Work instruction:
Please restate word for word the lines of the entries below from the one with "-手选潮汕鲜活牛肉火锅(二七广场店)" to the one with "garage floor drain cover replacement", inclusive, and leave out every picture.
***
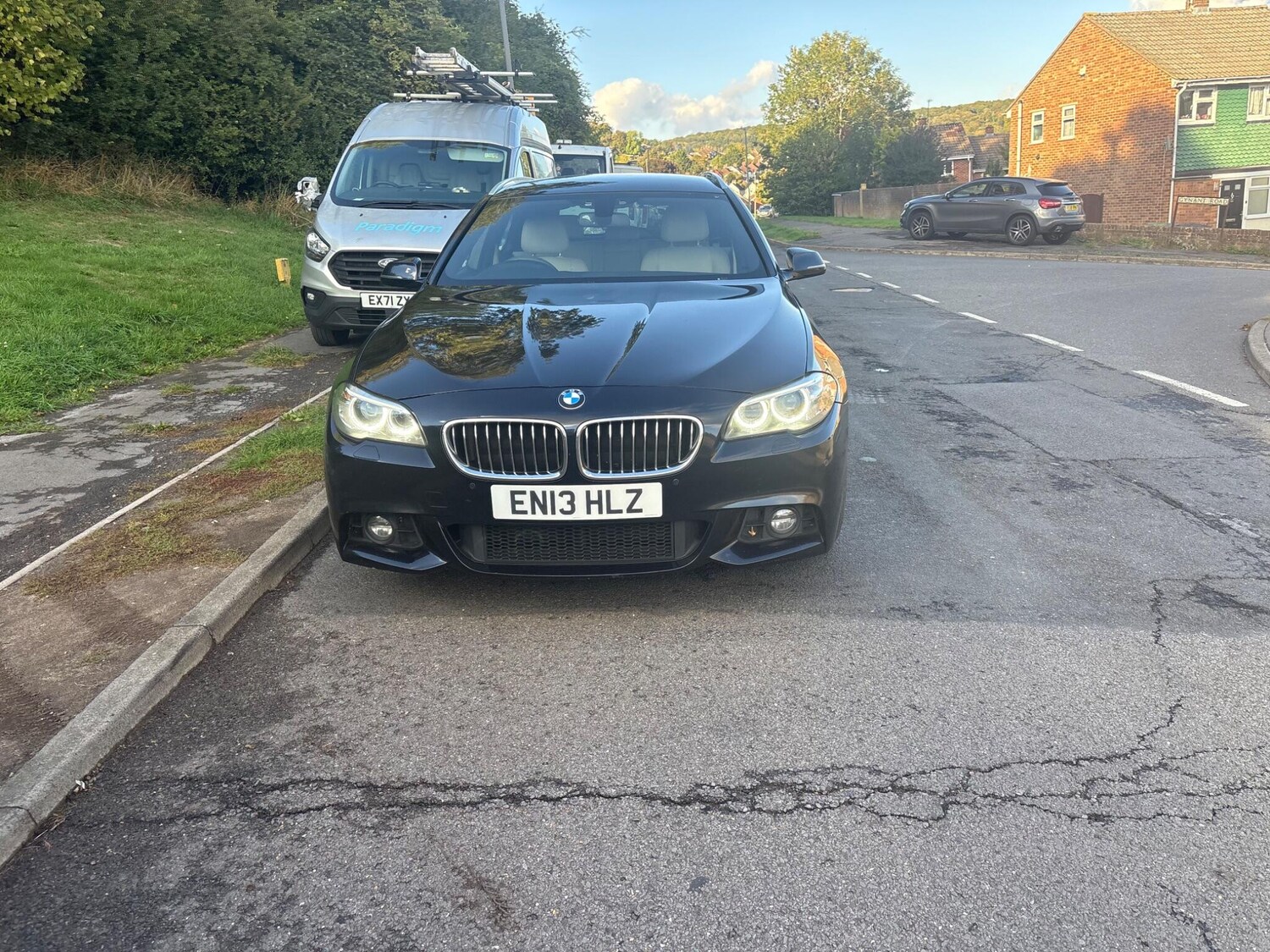 Used BMW 5 Series 2013 for sale - 76100255: Photo 53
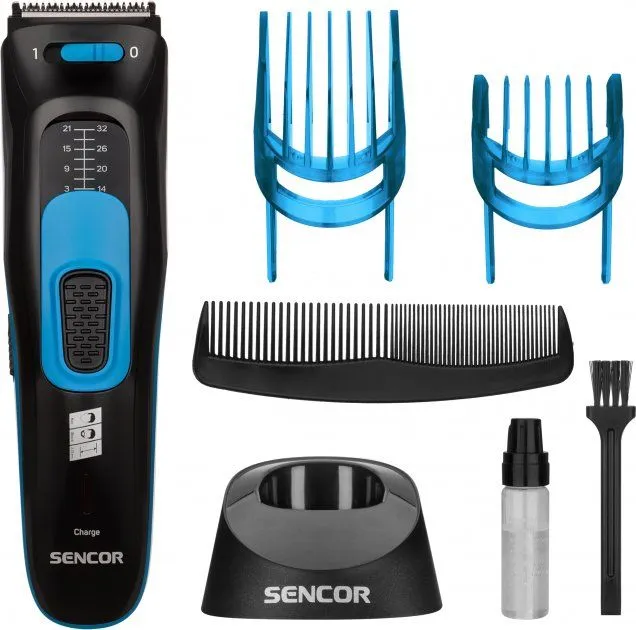 Машинка для стриження SENCOR SHP 4501BK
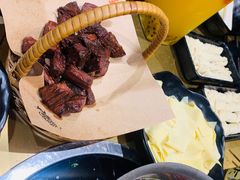 -手选潮汕鲜活牛肉火锅(二七广场店)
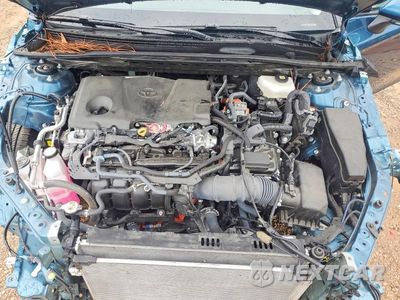 Zdjęcie 11 z 13 samochodu: 2025 TOYOTA CAMRY LE VIN:4T1DAACK7SU158487 - miniatura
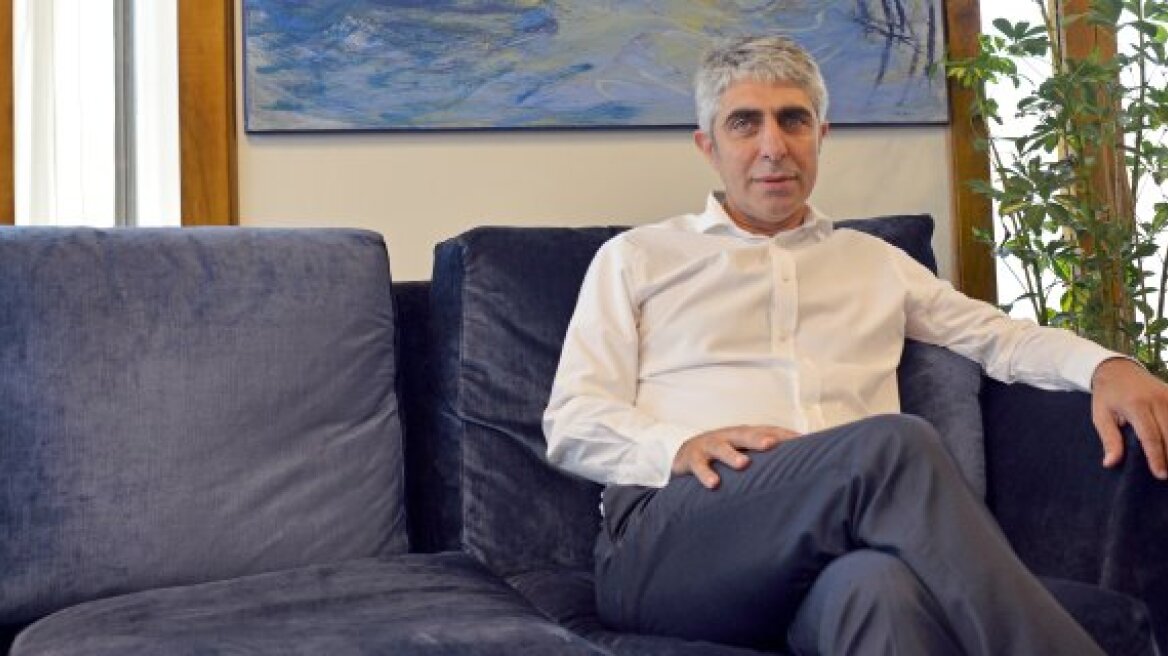 Στο Μέγαρο Μαξίμου «μετακομίζει» ο Γιώργος Τσίπρας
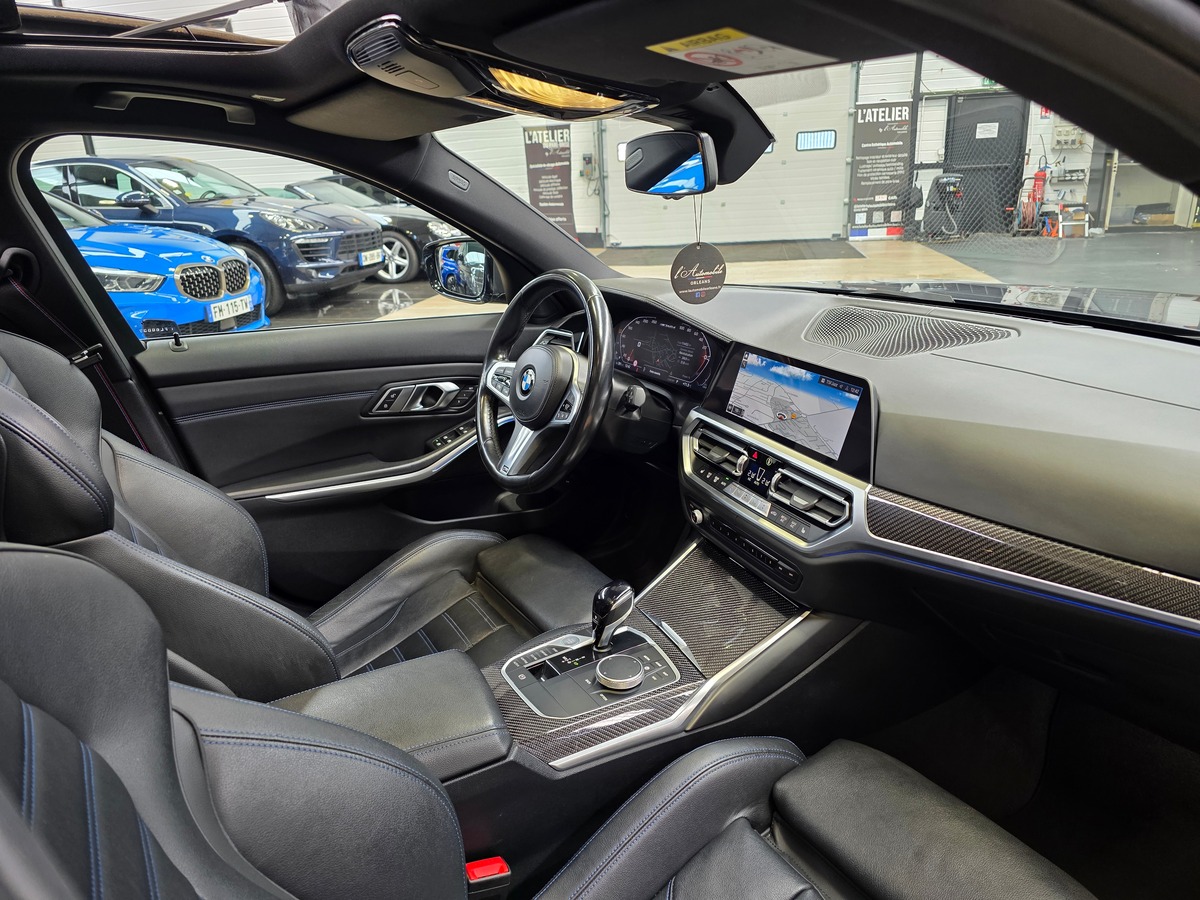 Bmw Série 3 Touring 340D M340D XDRIVE 340CH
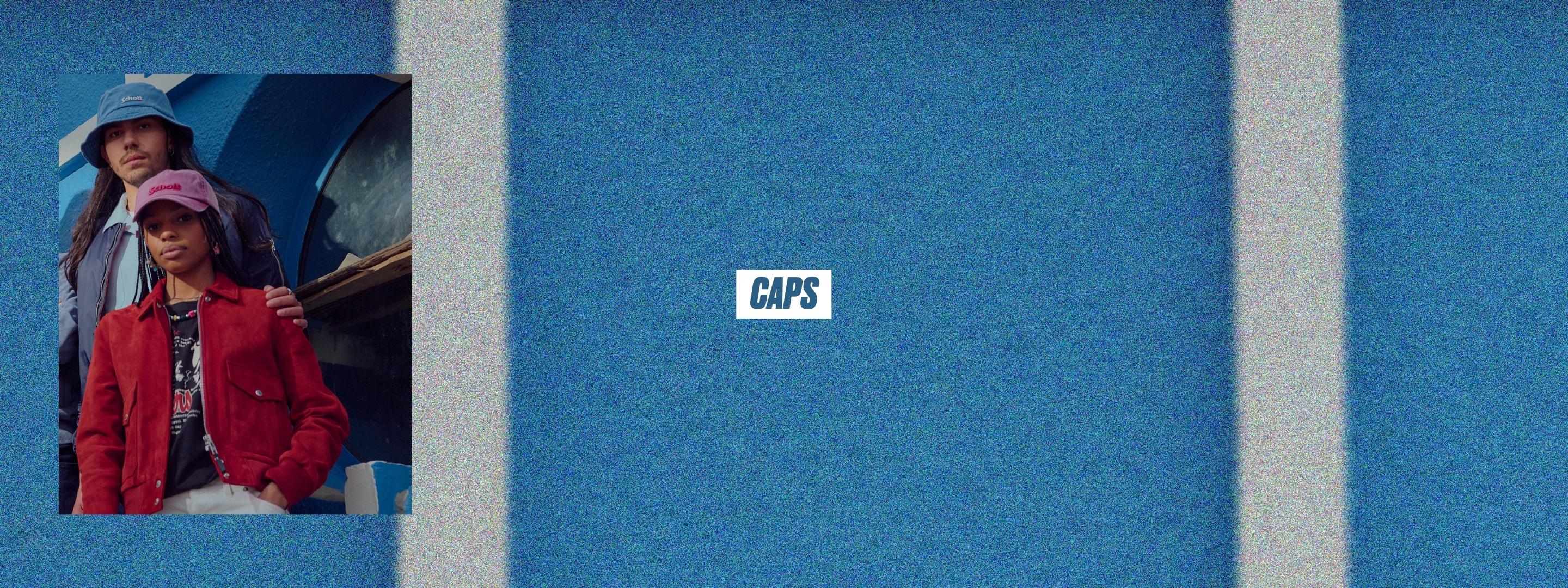 Caps & Belts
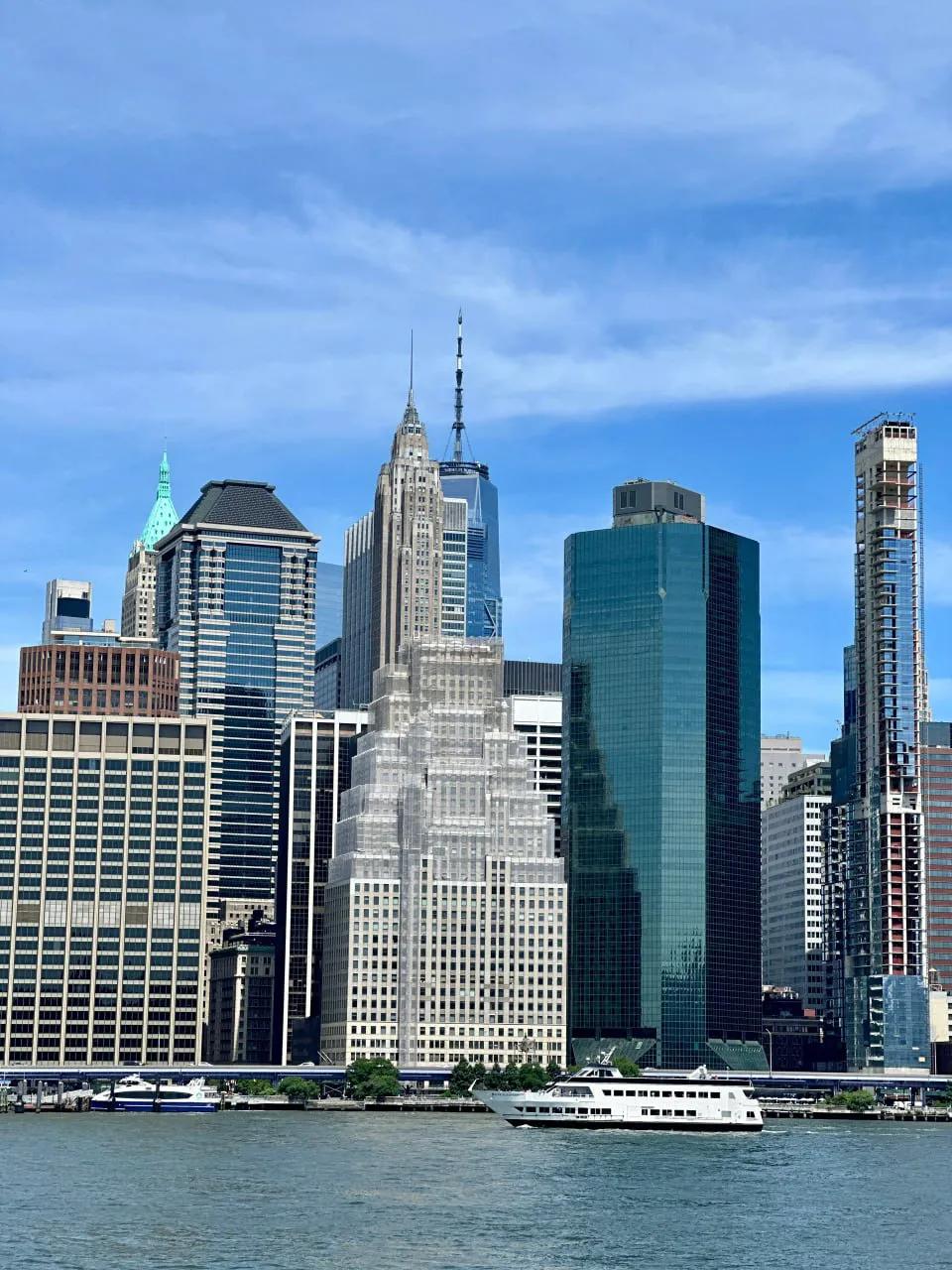 行摄北美(2024):《纽约街景》1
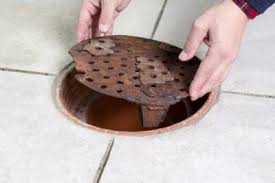garage floor drain cover replacement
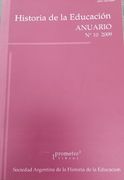Historia de la Educación Anuario N:10  2009
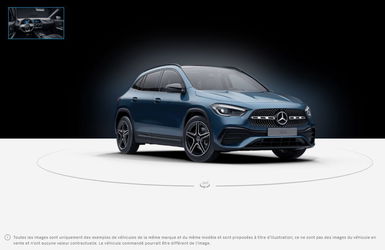 Mercedes GLA 180 d AMG - 74105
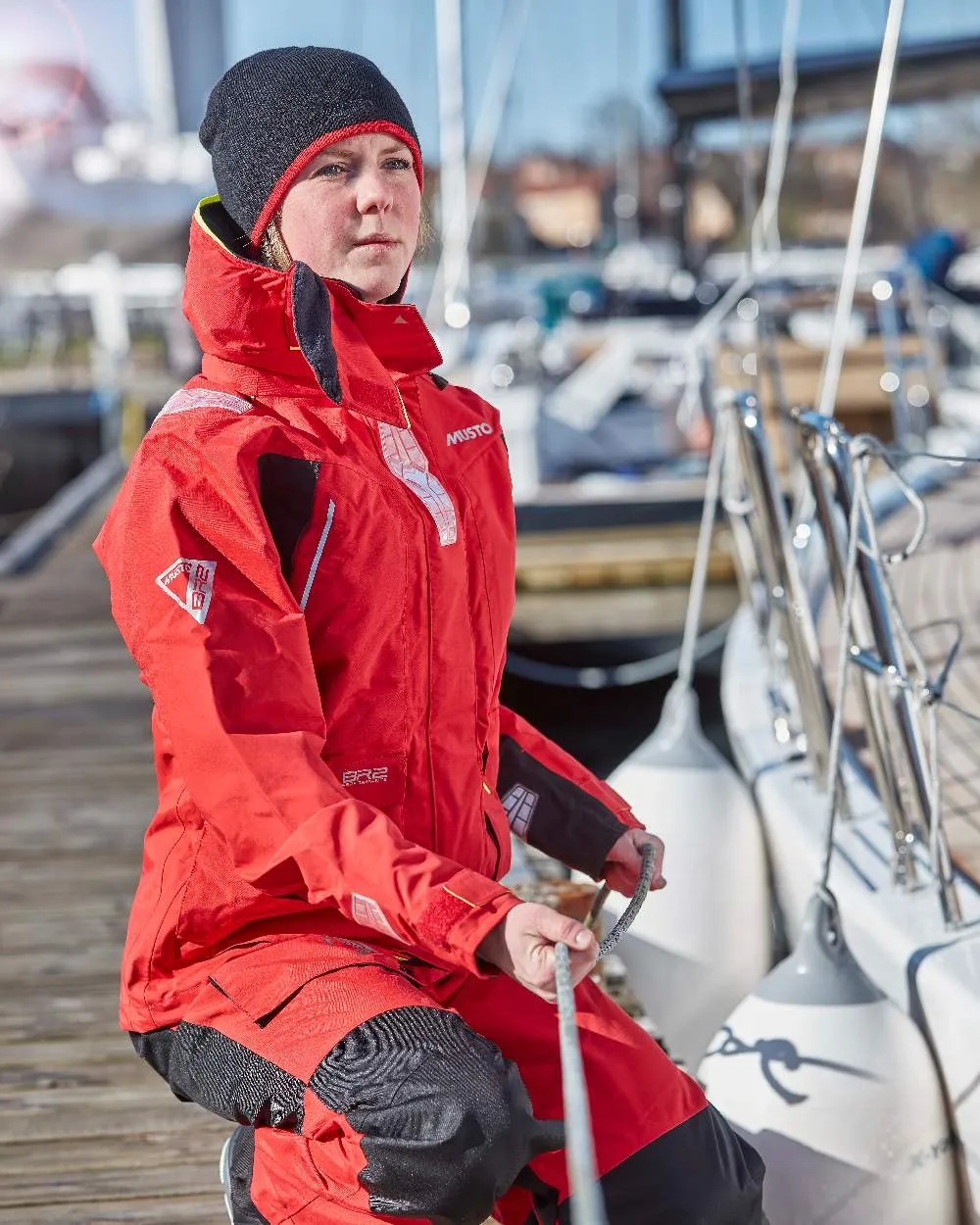 Musto Womens BR2 Offshore Jacket 2.0 Shooting Waterproof Jackets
***
Task solution:
 -手选潮汕鲜活牛肉火锅(二七广场店)
 Zdjęcie 11 z 13 samochodu: 2025 TOYOTA CAMRY LE VIN:4T1DAACK7SU158487 - miniatura
 Στο Μέγαρο Μαξίμου «μετακομίζει» ο Γιώργος Τσίπρας
 Bmw Série 3 Touring 340D M340D XDRIVE 340CH
 Caps & Belts
 行摄北美(2024):《纽约街景》1
garage floor drain cover replacement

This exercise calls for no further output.